___ Data excerpt

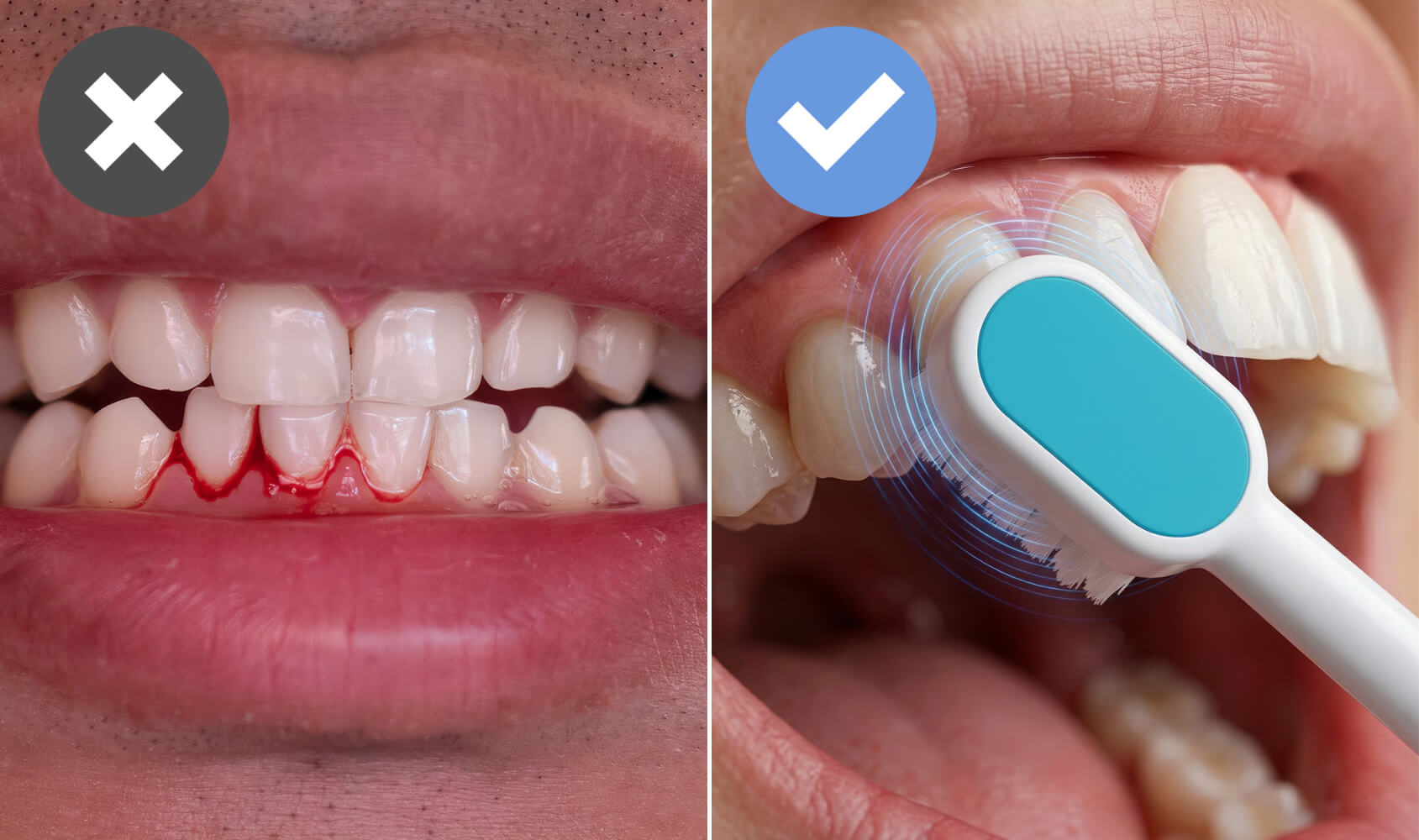 Regular and Electric Toothbrushes Could Be Ruining Your Gums, Here's What Dentists Are Quietly Recommending Instead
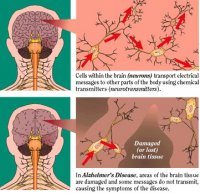 alzheimers-disease.jpg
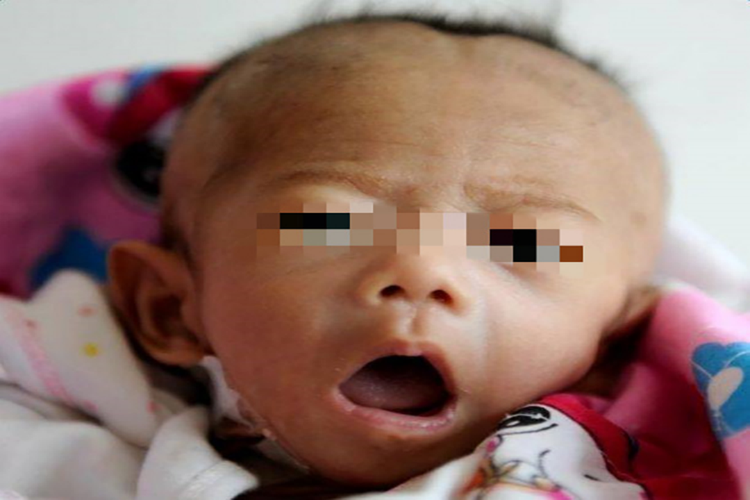 疳积面色发黄图 疳积面色发黄图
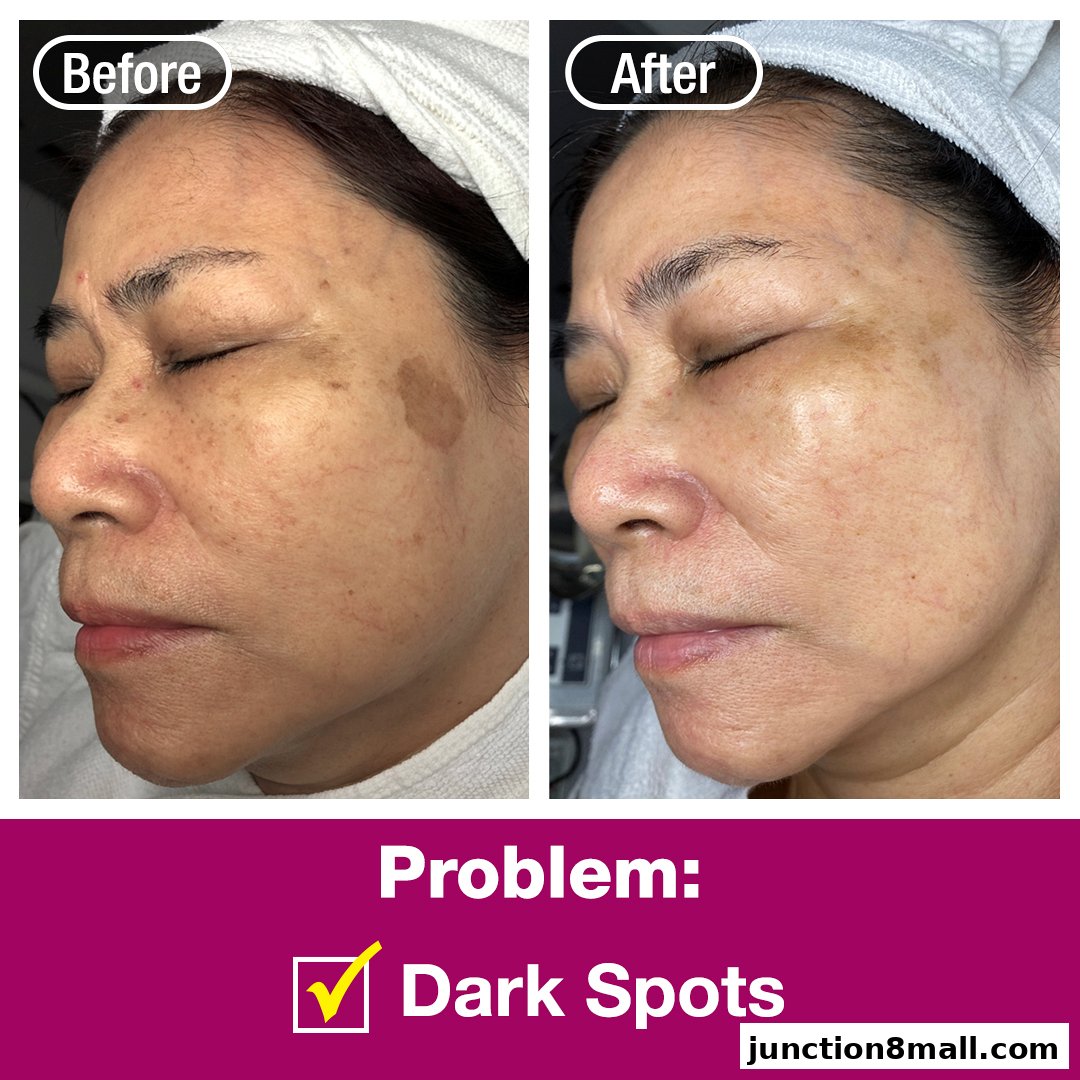 Before and after images showing a woman's face with dark spots treated.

______

» Task to complete
The result should be an exact copy of the material, containing no pictures.

» Task response
 Regular and Electric Toothbrushes Could Be Ruining Your Gums, Here's What Dentists Are Quietly Recommending Instead
 alzheimers-disease.jpg
 疳积面色发黄图 疳积面色发黄图
 Before and after images showing a woman's face with dark spots treated.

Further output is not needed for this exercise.